— WORK REQUEST —
Copy the listing that follows, line for line, without a single difference.

-- Opening Marker --

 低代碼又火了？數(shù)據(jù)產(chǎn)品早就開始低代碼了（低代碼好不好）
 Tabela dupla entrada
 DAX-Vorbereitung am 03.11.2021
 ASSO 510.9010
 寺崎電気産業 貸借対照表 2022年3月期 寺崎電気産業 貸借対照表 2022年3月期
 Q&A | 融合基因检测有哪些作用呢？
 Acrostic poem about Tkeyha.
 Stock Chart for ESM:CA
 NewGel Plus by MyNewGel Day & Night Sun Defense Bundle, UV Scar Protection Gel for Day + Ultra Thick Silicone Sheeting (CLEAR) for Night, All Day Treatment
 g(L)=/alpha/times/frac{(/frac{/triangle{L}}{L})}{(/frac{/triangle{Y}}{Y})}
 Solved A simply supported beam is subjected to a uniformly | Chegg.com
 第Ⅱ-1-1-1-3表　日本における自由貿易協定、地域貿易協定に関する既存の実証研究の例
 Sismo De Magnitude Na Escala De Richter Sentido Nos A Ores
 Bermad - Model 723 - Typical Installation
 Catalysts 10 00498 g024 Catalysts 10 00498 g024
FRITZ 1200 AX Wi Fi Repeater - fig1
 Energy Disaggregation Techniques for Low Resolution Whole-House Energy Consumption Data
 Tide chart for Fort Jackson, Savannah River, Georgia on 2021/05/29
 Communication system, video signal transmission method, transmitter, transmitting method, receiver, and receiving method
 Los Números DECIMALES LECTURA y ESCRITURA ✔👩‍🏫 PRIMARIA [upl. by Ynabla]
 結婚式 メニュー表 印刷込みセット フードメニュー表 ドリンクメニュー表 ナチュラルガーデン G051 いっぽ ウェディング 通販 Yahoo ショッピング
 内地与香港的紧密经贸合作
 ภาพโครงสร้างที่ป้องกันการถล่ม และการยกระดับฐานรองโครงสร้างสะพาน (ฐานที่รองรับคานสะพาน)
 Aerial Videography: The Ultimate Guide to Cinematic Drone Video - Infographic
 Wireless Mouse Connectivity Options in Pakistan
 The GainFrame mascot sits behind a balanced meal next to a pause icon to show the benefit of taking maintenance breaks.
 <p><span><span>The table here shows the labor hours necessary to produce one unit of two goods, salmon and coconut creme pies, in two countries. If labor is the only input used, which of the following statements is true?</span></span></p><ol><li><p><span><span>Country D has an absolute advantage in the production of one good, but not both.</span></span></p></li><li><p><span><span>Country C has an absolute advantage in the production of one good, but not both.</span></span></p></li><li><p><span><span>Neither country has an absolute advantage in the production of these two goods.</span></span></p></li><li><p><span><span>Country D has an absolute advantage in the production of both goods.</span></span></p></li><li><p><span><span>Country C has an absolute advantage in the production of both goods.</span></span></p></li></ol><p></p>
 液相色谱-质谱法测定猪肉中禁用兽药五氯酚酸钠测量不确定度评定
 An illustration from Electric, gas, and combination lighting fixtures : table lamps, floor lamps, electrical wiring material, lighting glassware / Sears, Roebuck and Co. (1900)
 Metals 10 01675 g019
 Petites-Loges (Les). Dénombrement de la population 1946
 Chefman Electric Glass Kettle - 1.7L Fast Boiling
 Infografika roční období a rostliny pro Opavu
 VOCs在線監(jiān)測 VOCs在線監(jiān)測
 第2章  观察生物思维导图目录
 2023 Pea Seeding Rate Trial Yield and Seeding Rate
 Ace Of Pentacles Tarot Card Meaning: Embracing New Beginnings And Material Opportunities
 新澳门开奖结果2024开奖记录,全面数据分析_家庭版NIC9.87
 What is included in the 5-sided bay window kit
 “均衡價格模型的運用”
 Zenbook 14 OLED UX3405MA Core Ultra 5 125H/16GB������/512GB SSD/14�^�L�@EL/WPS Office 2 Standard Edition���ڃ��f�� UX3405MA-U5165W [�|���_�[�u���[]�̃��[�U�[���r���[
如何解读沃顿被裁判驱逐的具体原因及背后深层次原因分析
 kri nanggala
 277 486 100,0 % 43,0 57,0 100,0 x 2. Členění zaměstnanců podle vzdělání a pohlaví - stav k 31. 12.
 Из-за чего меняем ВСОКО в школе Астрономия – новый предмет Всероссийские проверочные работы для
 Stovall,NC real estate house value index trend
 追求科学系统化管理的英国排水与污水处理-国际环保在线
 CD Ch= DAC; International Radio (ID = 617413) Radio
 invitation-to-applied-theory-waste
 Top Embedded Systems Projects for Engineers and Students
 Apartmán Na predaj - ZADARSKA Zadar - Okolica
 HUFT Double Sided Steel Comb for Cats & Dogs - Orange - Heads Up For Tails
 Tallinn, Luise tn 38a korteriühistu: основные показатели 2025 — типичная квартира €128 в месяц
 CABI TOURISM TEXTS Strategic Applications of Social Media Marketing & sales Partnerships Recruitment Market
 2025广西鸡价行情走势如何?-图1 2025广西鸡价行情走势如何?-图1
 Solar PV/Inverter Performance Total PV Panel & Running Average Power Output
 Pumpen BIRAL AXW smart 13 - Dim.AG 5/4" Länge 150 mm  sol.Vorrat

-- Closing Marker --

— EXPECTED OUTPUT —
 低代碼又火了？數(shù)據(jù)產(chǎn)品早就開始低代碼了（低代碼好不好）
 Tabela dupla entrada
 DAX-Vorbereitung am 03.11.2021
 ASSO 510.9010
 寺崎電気産業 貸借対照表 2022年3月期 寺崎電気産業 貸借対照表 2022年3月期
 Q&A | 融合基因检测有哪些作用呢？
 Acrostic poem about Tkeyha.
 Stock Chart for ESM:CA
 NewGel Plus by MyNewGel Day & Night Sun Defense Bundle, UV Scar Protection Gel for Day + Ultra Thick Silicone Sheeting (CLEAR) for Night, All Day Treatment
 g(L)=/alpha/times/frac{(/frac{/triangle{L}}{L})}{(/frac{/triangle{Y}}{Y})}
 Solved A simply supported beam is subjected to a uniformly | Chegg.com
 第Ⅱ-1-1-1-3表　日本における自由貿易協定、地域貿易協定に関する既存の実証研究の例
 Sismo De Magnitude Na Escala De Richter Sentido Nos A Ores
 Bermad - Model 723 - Typical Installation
 Catalysts 10 00498 g024 Catalysts 10 00498 g024
FRITZ 1200 AX Wi Fi Repeater - fig1
 Energy Disaggregation Techniques for Low Resolution Whole-House Energy Consumption Data
 Tide chart for Fort Jackson, Savannah River, Georgia on 2021/05/29
 Communication system, video signal transmission method, transmitter, transmitting method, receiver, and receiving method
 Los Números DECIMALES LECTURA y ESCRITURA ✔👩‍🏫 PRIMARIA [upl. by Ynabla]
 結婚式 メニュー表 印刷込みセット フードメニュー表 ドリンクメニュー表 ナチュラルガーデン G051 いっぽ ウェディング 通販 Yahoo ショッピング
 内地与香港的紧密经贸合作
 ภาพโครงสร้างที่ป้องกันการถล่ม และการยกระดับฐานรองโครงสร้างสะพาน (ฐานที่รองรับคานสะพาน)
 Aerial Videography: The Ultimate Guide to Cinematic Drone Video - Infographic
 Wireless Mouse Connectivity Options in Pakistan
 The GainFrame mascot sits behind a balanced meal next to a pause icon to show the benefit of taking maintenance breaks.
 <p><span><span>The table here shows the labor hours necessary to produce one unit of two goods, salmon and coconut creme pies, in two countries. If labor is the only input used, which of the following statements is true?</span></span></p><ol><li><p><span><span>Country D has an absolute advantage in the production of one good, but not both.</span></span></p></li><li><p><span><span>Country C has an absolute advantage in the production of one good, but not both.</span></span></p></li><li><p><span><span>Neither country has an absolute advantage in the production of these two goods.</span></span></p></li><li><p><span><span>Country D has an absolute advantage in the production of both goods.</span></span></p></li><li><p><span><span>Country C has an absolute advantage in the production of both goods.</span></span></p></li></ol><p></p>
 液相色谱-质谱法测定猪肉中禁用兽药五氯酚酸钠测量不确定度评定
 An illustration from Electric, gas, and combination lighting fixtures : table lamps, floor lamps, electrical wiring material, lighting glassware / Sears, Roebuck and Co. (1900)
 Metals 10 01675 g019
 Petites-Loges (Les). Dénombrement de la population 1946
 Chefman Electric Glass Kettle - 1.7L Fast Boiling
 Infografika roční období a rostliny pro Opavu
 VOCs在線監(jiān)測 VOCs在線監(jiān)測
 第2章  观察生物思维导图目录
 2023 Pea Seeding Rate Trial Yield and Seeding Rate
 Ace Of Pentacles Tarot Card Meaning: Embracing New Beginnings And Material Opportunities
 新澳门开奖结果2024开奖记录,全面数据分析_家庭版NIC9.87
 What is included in the 5-sided bay window kit
 “均衡價格模型的運用”
 Zenbook 14 OLED UX3405MA Core Ultra 5 125H/16GB������/512GB SSD/14�^�L�@EL/WPS Office 2 Standard Edition���ڃ��f�� UX3405MA-U5165W [�|���_�[�u���[]�̃��[�U�[���r���[
如何解读沃顿被裁判驱逐的具体原因及背后深层次原因分析
 kri nanggala
 277 486 100,0 % 43,0 57,0 100,0 x 2. Členění zaměstnanců podle vzdělání a pohlaví - stav k 31. 12.
 Из-за чего меняем ВСОКО в школе Астрономия – новый предмет Всероссийские проверочные работы для
 Stovall,NC real estate house value index trend
 追求科学系统化管理的英国排水与污水处理-国际环保在线
 CD Ch= DAC; International Radio (ID = 617413) Radio
 invitation-to-applied-theory-waste
 Top Embedded Systems Projects for Engineers and Students
 Apartmán Na predaj - ZADARSKA Zadar - Okolica
 HUFT Double Sided Steel Comb for Cats & Dogs - Orange - Heads Up For Tails
 Tallinn, Luise tn 38a korteriühistu: основные показатели 2025 — типичная квартира €128 в месяц
 CABI TOURISM TEXTS Strategic Applications of Social Media Marketing & sales Partnerships Recruitment Market
 2025广西鸡价行情走势如何?-图1 2025广西鸡价行情走势如何?-图1
 Solar PV/Inverter Performance Total PV Panel & Running Average Power Output
 Pumpen BIRAL AXW smart 13 - Dim.AG 5/4" Länge 150 mm  sol.Vorrat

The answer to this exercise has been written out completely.